Efficiency of inference from multiple threads on a single GPU

If I have multiple threads running inference on a system with a single GPU, does the GPU efficiently process the requests from multiple TFJS threads in parallel?, or is there an overhead cost to switching between/scheduling the different threads that may cause performance bottlenecks?

I am working specifically with Tensorflow.js with the webGPU backend

I’d love to know this too, my gut thought would be no, but I’m hoping someone with definitive tech info answers this. I’m thinking no because of my novice understanding of threading on the CPU versus how a Nvidia GPU card would put its multiple Cuda and Tensor cores to work.

I haven’t executed an experiments for this, but, IIUC, there is no performance gain from multiple TFJS threads to schedule GPU works than single TFJS thread to schedule, because WebGPU itself is single queue and collects GPU works from all other threads.

From my experiments at least if the batch/model is small enough, the cost of preparing tensors and such to be sent to GPU seems to outweigh the parallelism (if there is even any true GPU-level parallelism)

Thanks for the replies. I wanted to share my experiences just incase they might be helpful.

I did try loading up several threads all running distinct TFJS instances for inference and quickly ran into constant “GPU lost Context errors”, which I believe are out of memory issues - not positive on this, but the regular errors made the solution unworkable.

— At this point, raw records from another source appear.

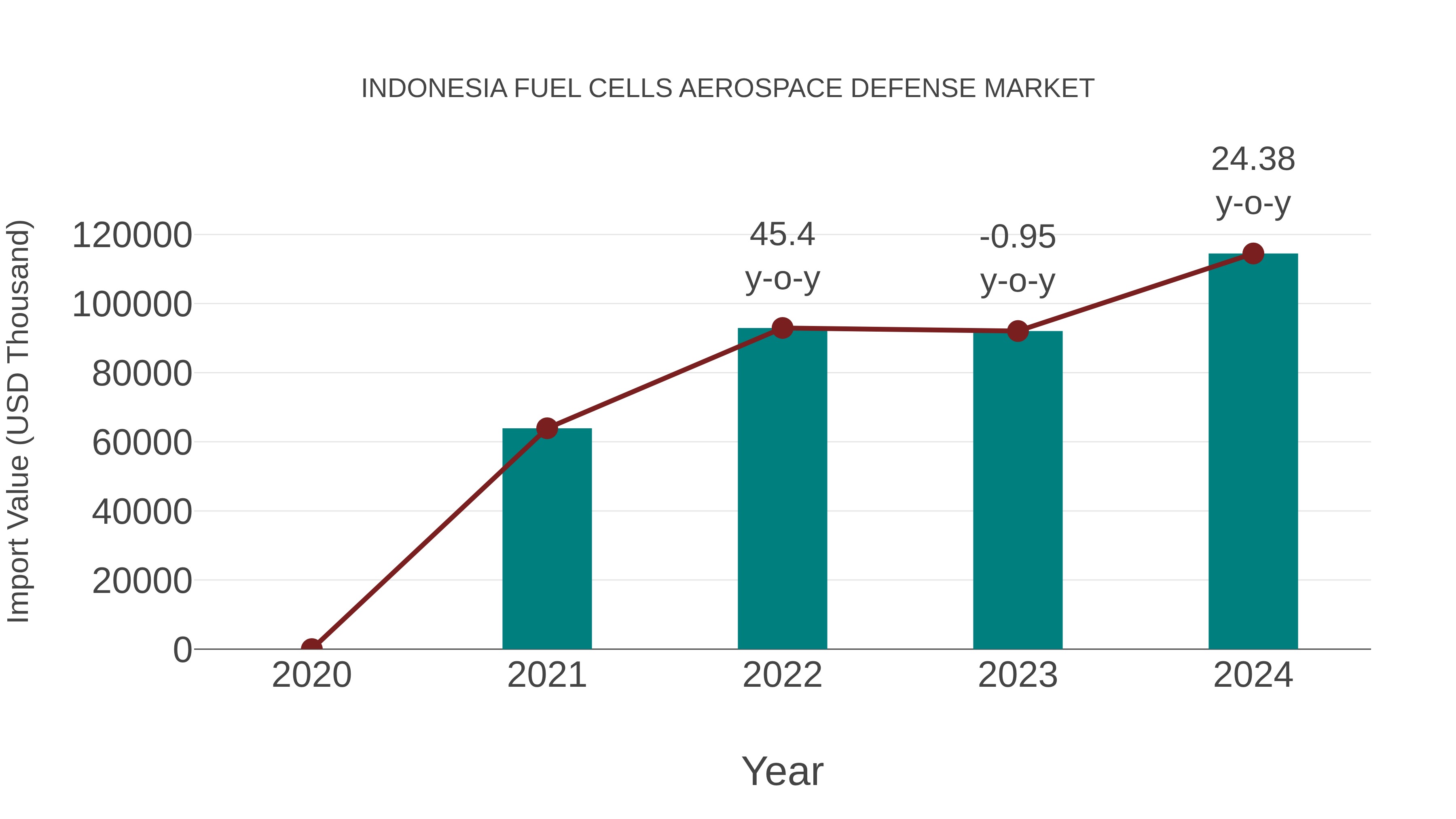 Indonesia Fuel Cells Aerospace Defense Market (2026-2032) | Trends ...
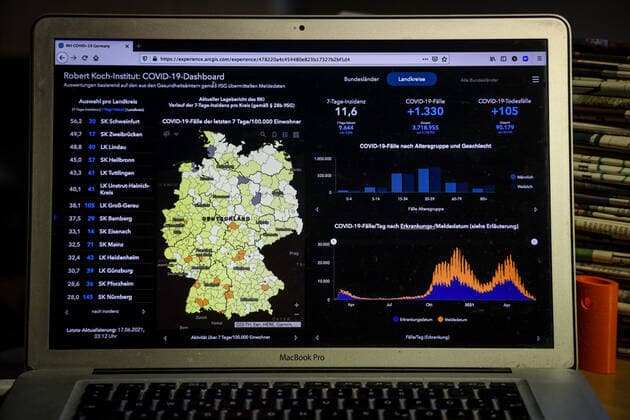 Coronavirus in Germany Covid 19 Dashboard of the Robert Koch Institute 17 06 2021 Robert Koch Institute 7 days Incidence 11.6 7 days Number of cases 9 644 COVID 19 Cases 3 718 955 Addition of 1 330 compared to previous day COVID 19 Deaths 90 179 Addition of 105 compared to previous day
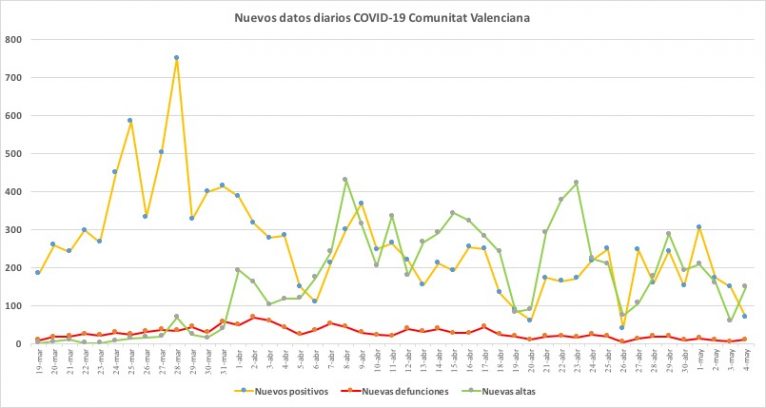 Datos coronavirus 4 de mayo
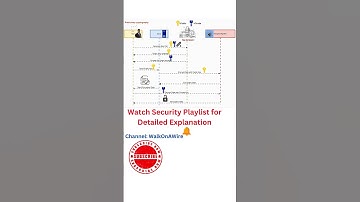 Public Key Cryptography #shorts #shortsvideo #shortsyoutube #education#trending #viral #cryptography
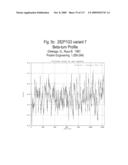 NUCLEIC ACIDS AND CORRESPONDING PROTEINS ENTITLED 282P1G3 USEFUL IN TREATMENT AND DETECTION OF CANCER diagram and image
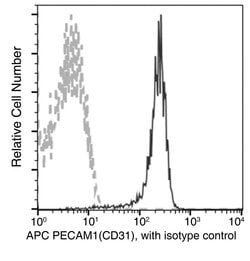 Invitrogen CD31 (PECAM-1) Recombinant Rabbit Monoclonal Antibody (008), APC 100 Tests | Buy Online | Invitrogen&trade; | Fisher Scientific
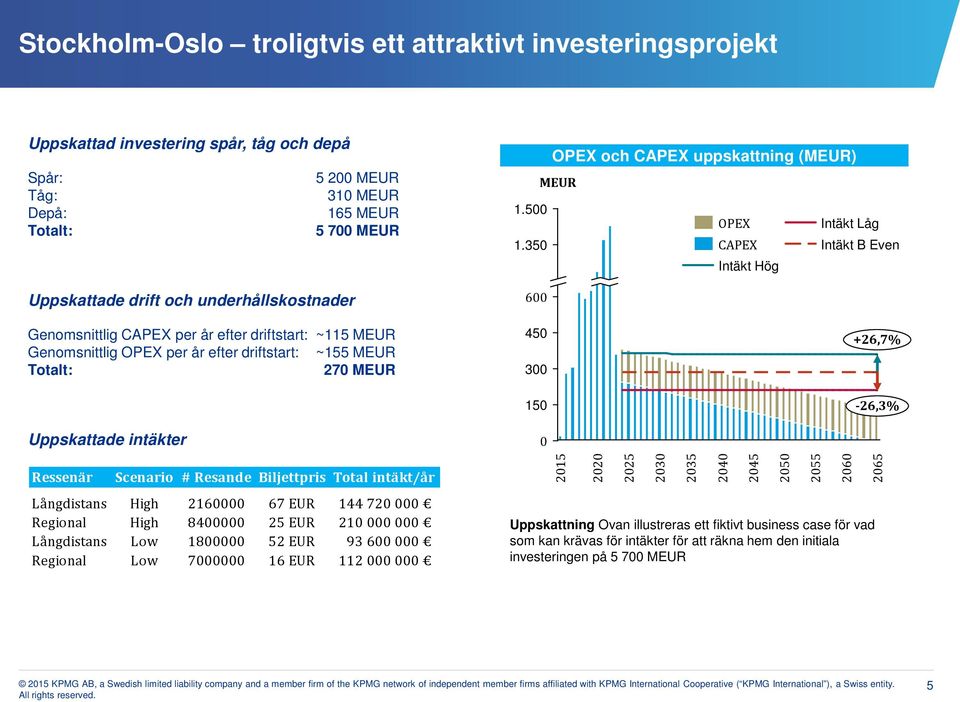 350 CAPEX Intäkt B Even Intäkt Hög 600 Genomsnittlig CAPEX per år efter driftstart: ~115 MEUR Genomsnittlig OPEX per år efter driftstart: ~155 MEUR Totalt: 270 MEUR Uppskattade intäkter 450 300 150 0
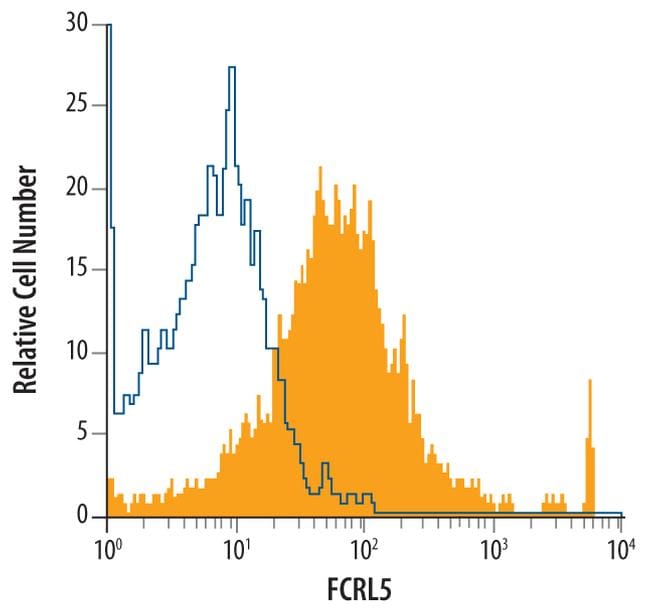 FCRL5 Purified Thermo Fisher Scientific antibody anti target:Human host:Mouse isotype:IgG2b clone:307307 Flow cytometric analysis of human blood-derived CD19+ lymphocytes were stained with mouse Anti-hu...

Now, I changed to having many threads making requests to a single thread which is responsible for all inference. This has eliminated all the errors… Yay! But, I bought a 13900k for this project and I am only using a fraction of it due to what I suspect are GPU bottlenecks.

I was hoping of upping my inference threads to 2 or 3 and maybe find a sweet spot that wouldn’t run into the memory issues and better utilize my CPU, but Lin_Chen’s comment leads me to believe this would probably be a waist of time to try.